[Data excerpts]
━━━━━━━━━━━━━━━━━━━━━━━━━━━━━━
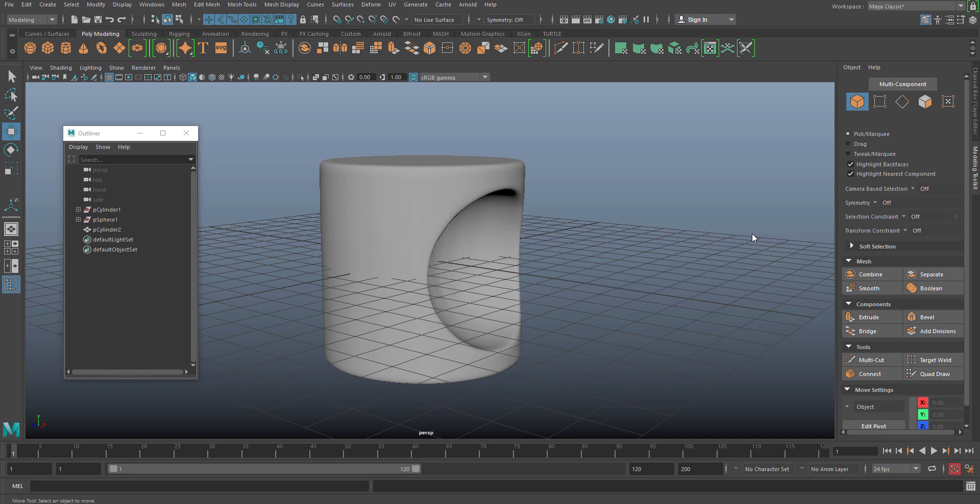Hello, welcome to StrayPixel. In this tutorial we are going to discuss the remesh and retopo command in Maya.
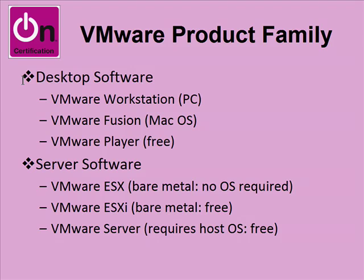They have desktop software and enterprise server software. The desktop software can be run on individual workstations. You've got folks like developers who would use this, IT pros, or even end users who might need to use VMware to run a legacy OS. You might have a company who's gone to Vista, but they have line of business applications that still have to run under Windows 98. So the IT department might give them a VMware virtual machine running Windows 98 with that line of business application. While their host computer runs Vista, they can fire up the VMware virtual machine when the user wants to use their line of business app. For PC, there's VMware Workstation. For Mac, there's VMware Fusion. And there's a limited free product called VMware Player.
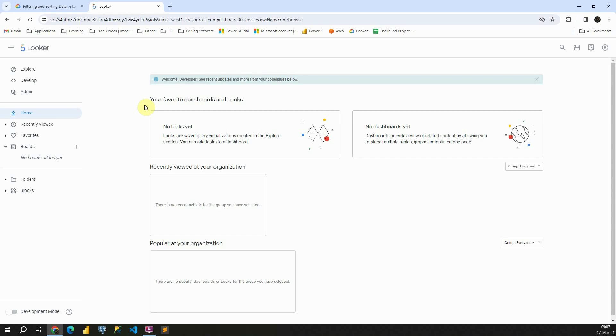To be able to explore and analyze our data, we have a dedicated section for that. So on this left side, we will be able to see first the explore option. We have also develop, admin and so on, but interesting for us is this explore.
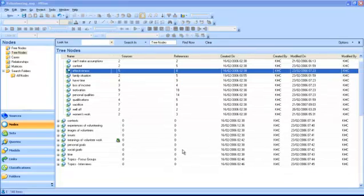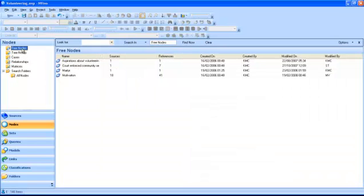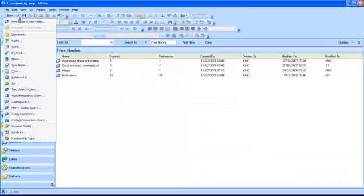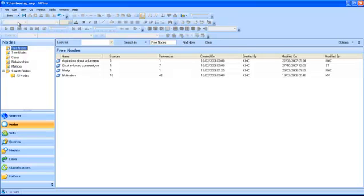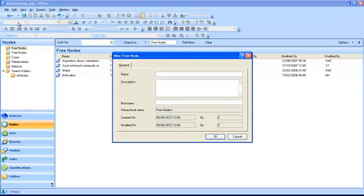To create a new free node, highlight the free nodes folder in the navigation view. Click the new button on the main toolbar and select free node in this folder. The new free node dialog box is displayed asking you to enter a node name and a description.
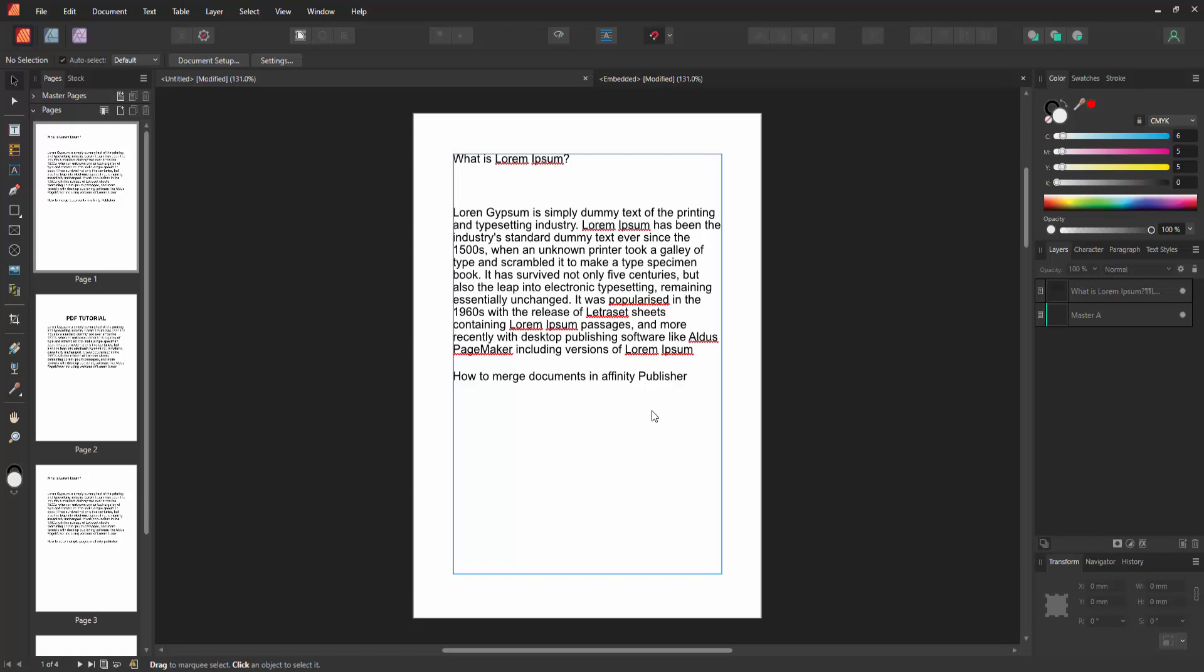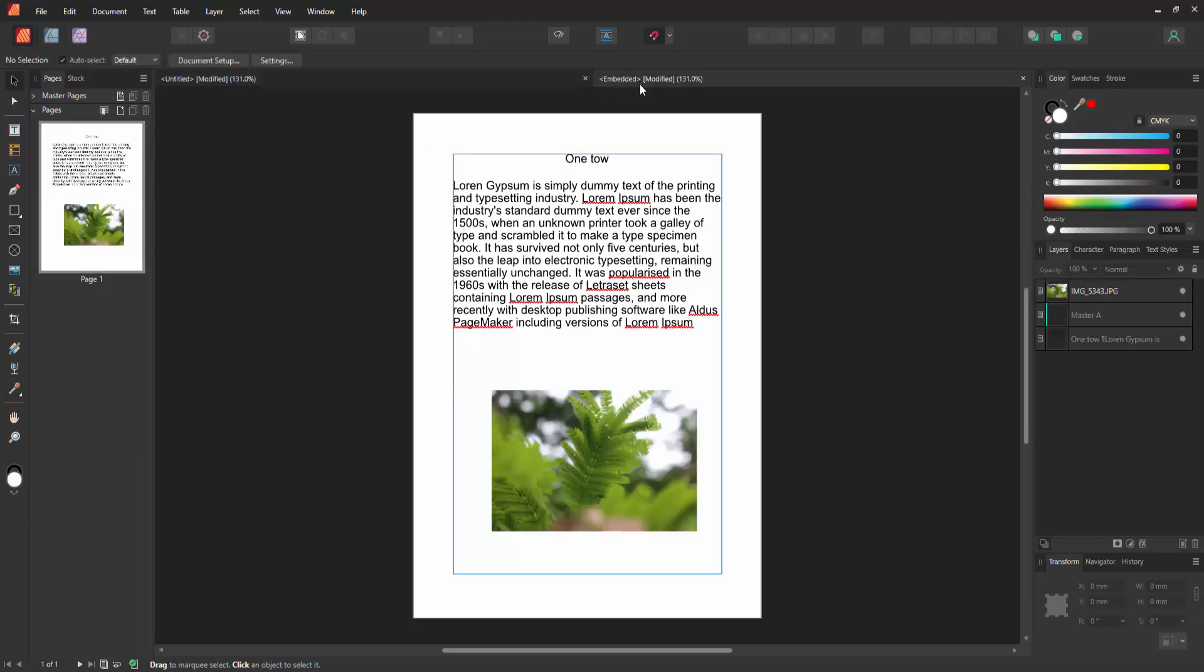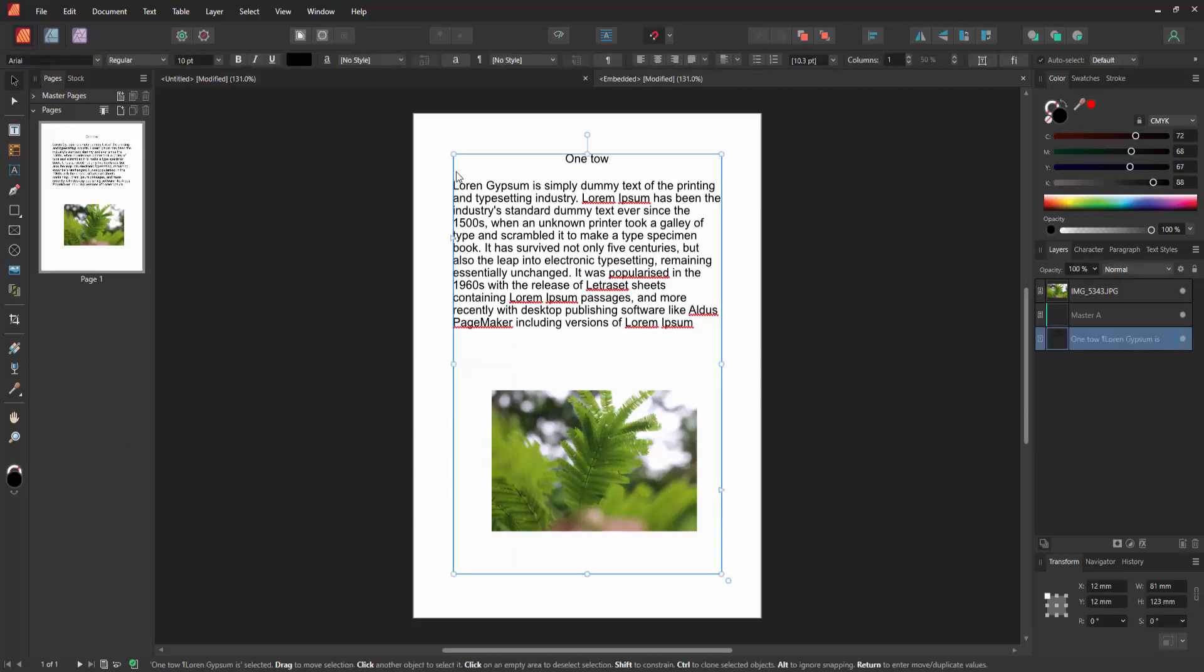Then we go to another document and we can see here a document. Now we want to merge these two documents in one. Select this document and select the layer.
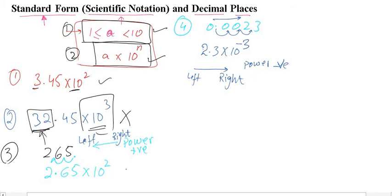This is how we write and recognize standard form. To recap: the number before the decimal must be between 1 and 10, and the number must be a multiple of 10 to the power n. If both conditions are fulfilled, it is standard form. If either condition is not met, it is not standard form.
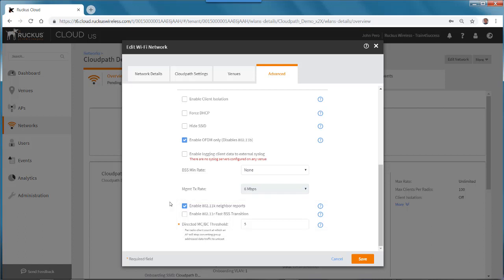So as you can see, setting up and enabling 11K or 11R on a PSK, 802.1X, or CloudPath wireless LAN is simple to do using the Ruckus Cloud Wi-Fi portal. You just need to make sure in the 11R case that your clients will support this feature.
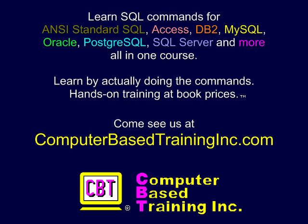We hope you found this information useful. Please come visit us at ComputerBasedTrainingInc.com for courses with more examples and labs where you create and execute complete commands.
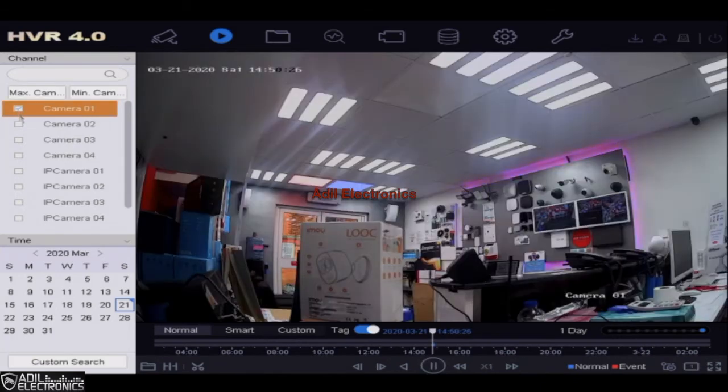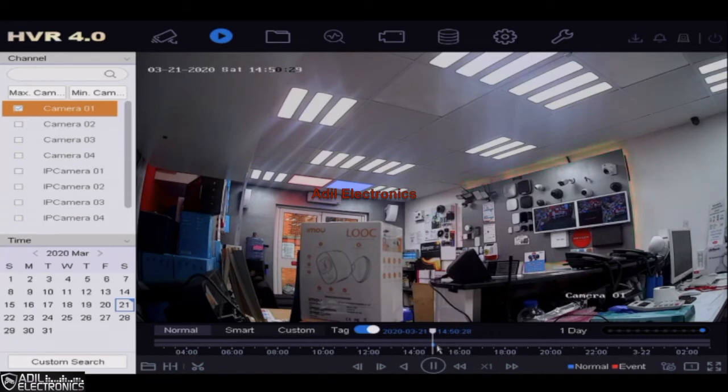It will then automatically start playing. If you wish to change the time, hold onto the slider and drag as shown.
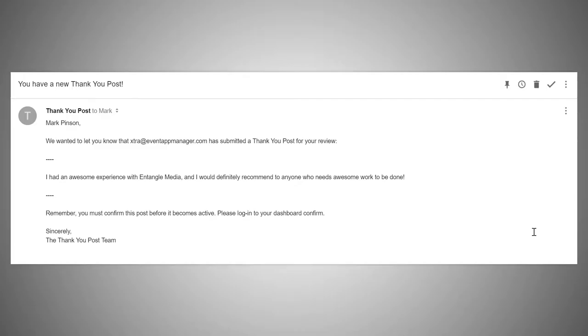Once a Thank You Post has been submitted, you will receive an email prompting for you to moderate the Thank You Post, so you won't need to keep checking your account.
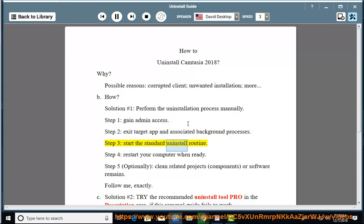Step 3: Start the standard uninstall routine. Step 4: Restart your computer when ready. Step 5: Optionally clean related projects.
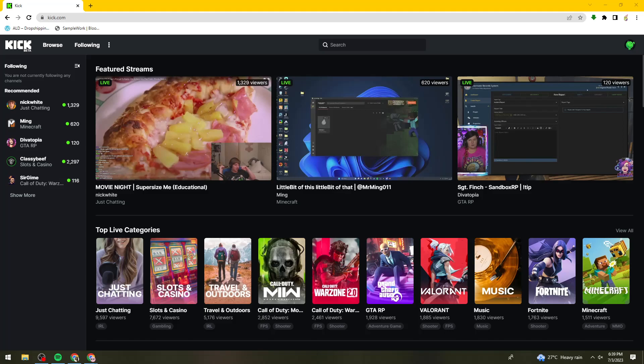First of all, what you need to do is open your browser, search for kick.com, then sign in to your account.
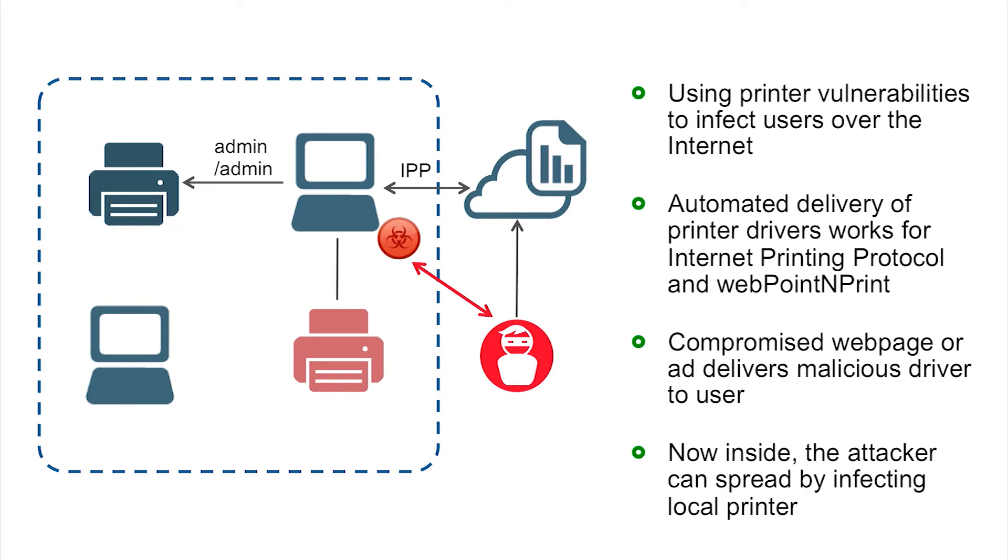By directly compromising an internal printer and infecting other users who might try to connect to that printer, or setting up a fake printer to lure attackers into connecting to that printer and infecting them that way.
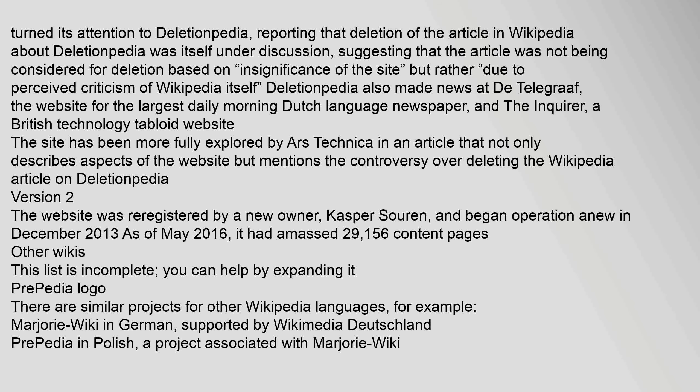Deletionpedia also made news at De Telegraph, the website for the largest daily morning Dutch-language newspaper, and The Enquirer, a British technology tabloid website. The site has been more fully explored by Ars Technica in an article that not only describes aspects of the website but mentions the controversy over deleting the Wikipedia article on Deletionpedia.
━━━━━━━━━━━━━━━━━━━━━━━━━━━━━━
[TASK GOAL]
Every line above needs to be written out again as it stands. Pictures do not belong in the copy.

[ANSWER TO THE PROBLEM]
Hello, welcome to StrayPixel. In this tutorial we are going to discuss the remesh and retopo command in Maya.
They have desktop software and enterprise server software. The desktop software can be run on individual workstations. You've got folks like developers who would use this, IT pros, or even end users who might need to use VMware to run a legacy OS. You might have a company who's gone to Vista, but they have line of business applications that still have to run under Windows 98. So the IT department might give them a VMware virtual machine running Windows 98 with that line of business application. While their host computer runs Vista, they can fire up the VMware virtual machine when the user wants to use their line of business app. For PC, there's VMware Workstation. For Mac, there's VMware Fusion. And there's a limited free product called VMware Player.
To be able to explore and analyze our data, we have a dedicated section for that. So on this left side, we will be able to see first the explore option. We have also develop, admin and so on, but interesting for us is this explore.
To create a new free node, highlight the free nodes folder in the navigation view. Click the new button on the main toolbar and select free node in this folder. The new free node dialog box is displayed asking you to enter a node name and a description.
Then we go to another document and we can see here a document. Now we want to merge these two documents in one. Select this document and select the layer.
This is how we write and recognize standard form. To recap: the number before the decimal must be between 1 and 10, and the number must be a multiple of 10 to the power n. If both conditions are fulfilled, it is standard form. If either condition is not met, it is not standard form.
So as you can see, setting up and enabling 11K or 11R on a PSK, 802.1X, or CloudPath wireless LAN is simple to do using the Ruckus Cloud Wi-Fi portal. You just need to make sure in the 11R case that your clients will support this feature.
We hope you found this information useful. Please come visit us at ComputerBasedTrainingInc.com for courses with more examples and labs where you create and execute complete commands.
It will then automatically start playing. If you wish to change the time, hold onto the slider and drag as shown.
Once a Thank You Post has been submitted, you will receive an email prompting for you to moderate the Thank You Post, so you won't need to keep checking your account.
Step 3: Start the standard uninstall routine. Step 4: Restart your computer when ready. Step 5: Optionally clean related projects.
First of all, what you need to do is open your browser, search for kick.com, then sign in to your account.
By directly compromising an internal printer and infecting other users who might try to connect to that printer, or setting up a fake printer to lure attackers into connecting to that printer and infecting them that way.
Deletionpedia also made news at De Telegraph, the website for the largest daily morning Dutch-language newspaper, and The Enquirer, a British technology tabloid website. The site has been more fully explored by Ars Technica in an article that not only describes aspects of the website but mentions the controversy over deleting the Wikipedia article on Deletionpedia.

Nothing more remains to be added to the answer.